# Would I be crazy?



## ToothyAngler (Mar 18, 2015)

Would I be crazy to head to sargent and fish the surf tomorrow? Wanting to take the father in law for his birthday.


----------



## Sgrem (Oct 5, 2005)

Yes you would be crazy amd dangerous.
Find a protected back area.


----------



## sharkchum (Feb 10, 2012)

The surf down there is still totally fresh from all the rivers dumping in and I haven't caught anything down there in 3 weeks besides hardheads and gafftop. Now there is more rain on the way. If this keeps up there won't be any fish down there until August.


----------



## ToothyAngler (Mar 18, 2015)

sharkchum said:


> The surf down there is still totally fresh from all the rivers dumping in and I haven't caught anything down there in 3 weeks besides hardheads and gafftop. Now there is more rain on the way.
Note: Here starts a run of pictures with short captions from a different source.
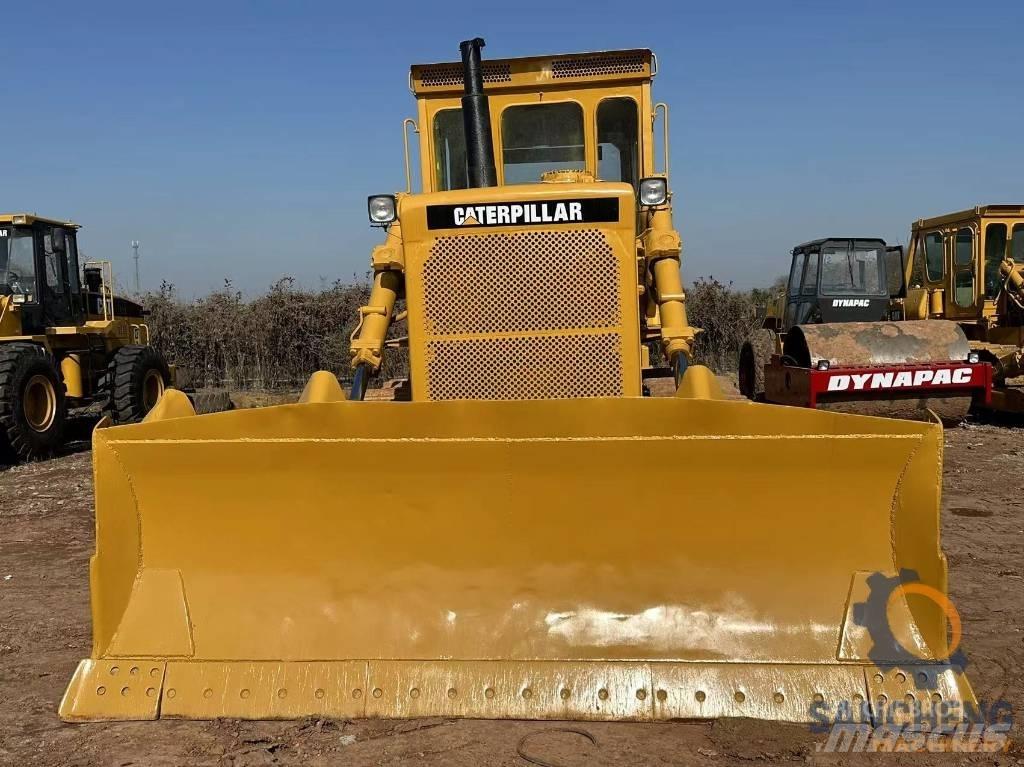CAT D 8 K Kāpurķēžu buldozeri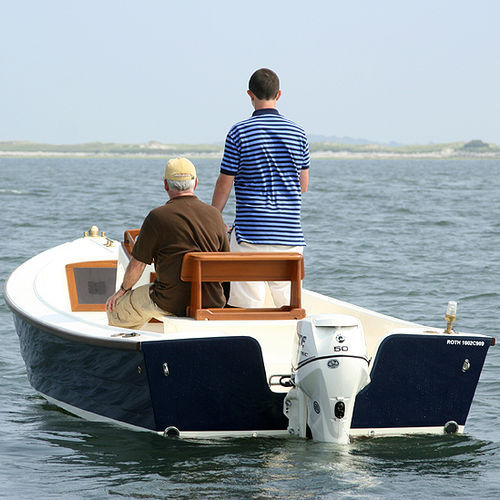 Außenborder-Konsolenboot - M500  - Mazury Sp. z o.o.  - mit Mittelkonsole / max. 5 Personen / Skiff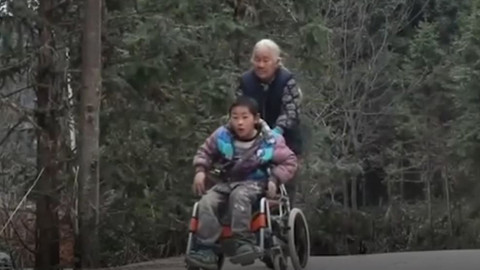 Her Gün 24 Kilometre Yürüyerek Engelli Torununu Okula Götüren 76 Yaşındaki Kadın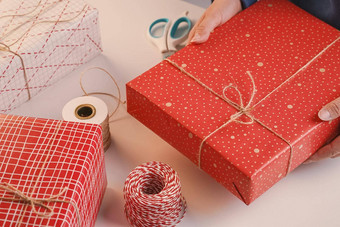 年轻的女人蓝色的包装包装圣诞节礼物孩子们孩子们美丽的红色的白色包装器闪闪发光的光生活方式
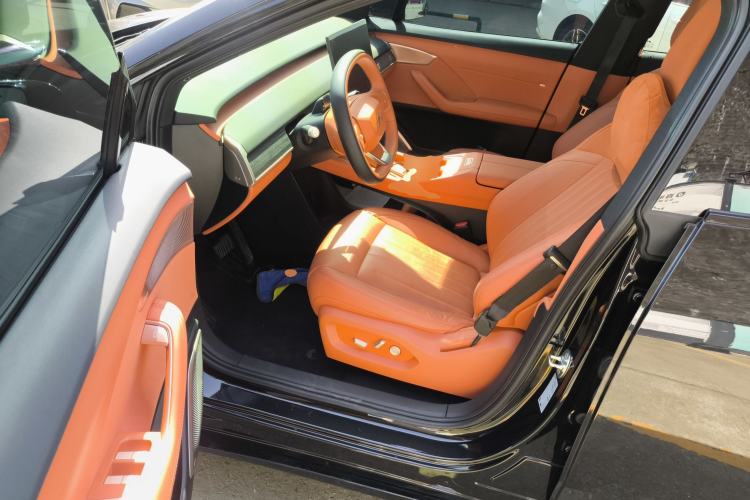 Used ONVO L60 2024 60 kWh Rear-Drive Version Driver Seat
If this keeps up there won't be any fish down there until August.


 What if I went to San luis pass you think the weather is just a no go?


----------



## bollomb (Apr 23, 2013)

100 % chance of rain and blowing 15-20... save your money and time. wait for better weather. we cancelled for sat as well


----------



## sharkchum (Feb 10, 2012)

ToothyAngler said:


> What if I went to San luis pass you think the weather is just a no go?


The water is salty by the pass, but it's gonna be storming for the next 3 days and the south wind is gonna be blowing 20+mph, not the best time to plan a trip to the surf. Don't let the wind or the rain scare you off, the fish still have to feed regardless, but the lightning is a different story.


----------



## ToothyAngler (Mar 18, 2015)

Sucks but prolly gonna gave to cancel


----------